À l’été, une nouvelle audience publique se tiendra au Conseil d'État, en présence des collectivités, des associations requérantes et intervenantes ainsi que des représentants du Gouvernement, déjà présents lors de l’audience du 19 novembre 2020. Le Conseil d'État pourra alors décider de :
Cas n°1 : rejeter la requête des collectivités et associations s’il estime que, à la date à laquelle il se prononcera, les mesures prises par le Gouvernement sont suffisantes pour parvenir à respecter la trajectoire de réduction des émissions de gaz à effet de serre à horizon 2030 ;
Cas n°2 : ordonner que des mesures supplémentaires soient prises par le Gouvernement pour garantir le respect de la trajectoire fixée pour atteindre les engagements de la France à l’horizon 2030.
Après l’été, si des mesures supplémentaires ont été ordonnées (cas n°2), un suivi de leur exécution sera réalisé par le Conseil d’État, avec une instruction et une procédure contradictoire débouchant sur une nouvelle audience et la possibilité d’une astreinte si les mesures ordonnées n’ont pas été prises
La phase d’instruction en quelques mots |
Avant le jugement d’une affaire, une phase d’instruction a lieu. Durant cette période de quelques semaines, le Conseil d’État recueille les arguments de l’administration et des requérants en règle générale par écrit (« mémoires ») et leur communique ceux de la partie opposée.
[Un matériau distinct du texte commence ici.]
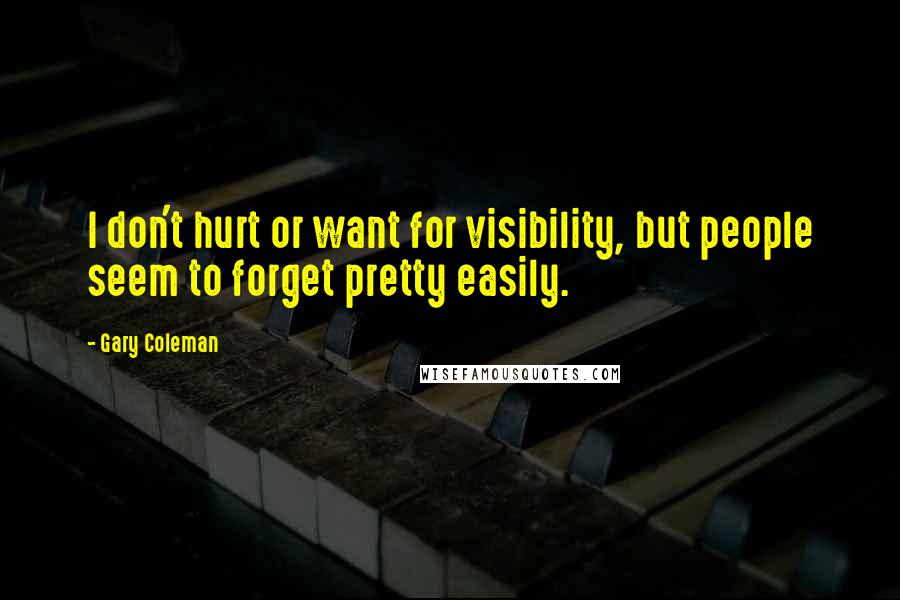 Gary Coleman Quotes: I don't hurt or want for visibility, but people seem to forget pretty easily.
Il peut aussi procéder à une instruction orale. C’est une phase contradictoire : chacune des parties peut discuter et contester la présentation des faits et les arguments juridiques que son adversaire lui oppose. À l’issue de ces échanges écrits et de leur analyse par un rapporteur du Conseil d’État, l’audience publique a lieu en présence des parties, et une décision est rendue 15 jours à 3 semaines plus tard. |
[1] Conseil d’État, 10 juillet 2020, Association Les Amis de la Terre, n°428409
[2] Conseil d’État, 19 novembre 2020, Commune de Grande-Synthe, n°427301
[3] Le montant de chaque astreinte semestrielle pourra être versé aux associations requérantes mais aussi à des personnes publiques disposant d’une autonomie suffisante à l’égard de l’État et dont les missions sont en rapport avec la qualité de l’air ou à des personnes privées à but non lucratif menant des actions d’intérêt général dans ce domaine.